----- DATA PROVIDED

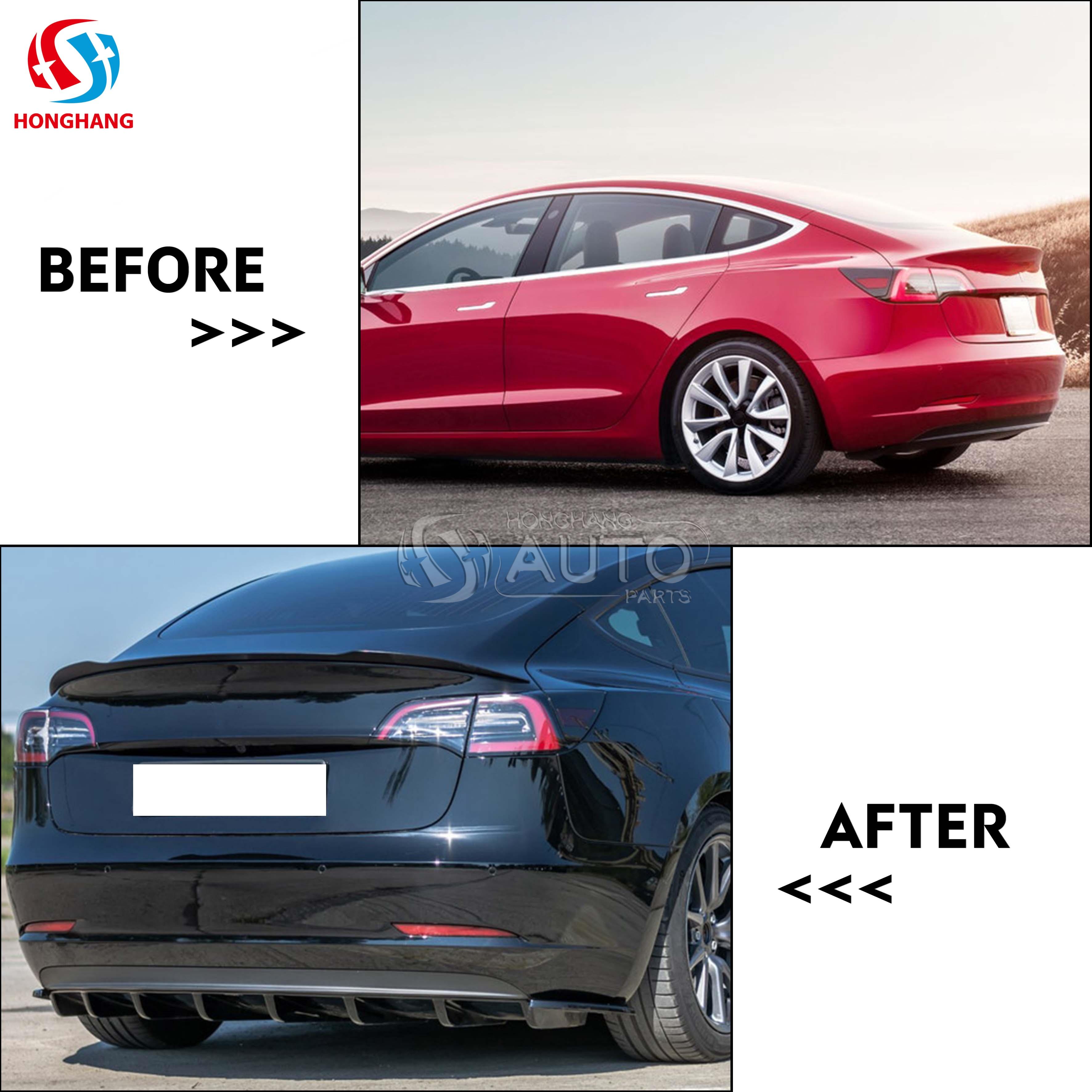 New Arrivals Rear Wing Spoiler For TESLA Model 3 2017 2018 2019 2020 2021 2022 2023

----------
----- DATA PROVIDED

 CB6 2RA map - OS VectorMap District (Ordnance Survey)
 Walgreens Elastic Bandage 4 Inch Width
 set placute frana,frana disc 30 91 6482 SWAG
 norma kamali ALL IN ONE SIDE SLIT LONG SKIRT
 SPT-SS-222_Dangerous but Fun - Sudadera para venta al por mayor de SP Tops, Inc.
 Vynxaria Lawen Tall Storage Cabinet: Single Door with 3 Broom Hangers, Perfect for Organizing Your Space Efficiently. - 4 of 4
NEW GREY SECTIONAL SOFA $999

----------
----- DATA PROVIDED

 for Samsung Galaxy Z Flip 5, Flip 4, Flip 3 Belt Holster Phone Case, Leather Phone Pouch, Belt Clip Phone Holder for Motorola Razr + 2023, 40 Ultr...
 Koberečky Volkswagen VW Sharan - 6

----------

WORK TO COMPLETE: Look back at the data above. Transcribe exactly the lines starting at the line that contains "set placute frana,frana disc 30 91 6482 SWAG" and ending at the line that contains "NEW GREY SECTIONAL SOFA $999".

RESPONSE:
 set placute frana,frana disc 30 91 6482 SWAG
 norma kamali ALL IN ONE SIDE SLIT LONG SKIRT
 SPT-SS-222_Dangerous but Fun - Sudadera para venta al por mayor de SP Tops, Inc.
 Vynxaria Lawen Tall Storage Cabinet: Single Door with 3 Broom Hangers, Perfect for Organizing Your Space Efficiently. - 4 of 4
NEW GREY SECTIONAL SOFA $999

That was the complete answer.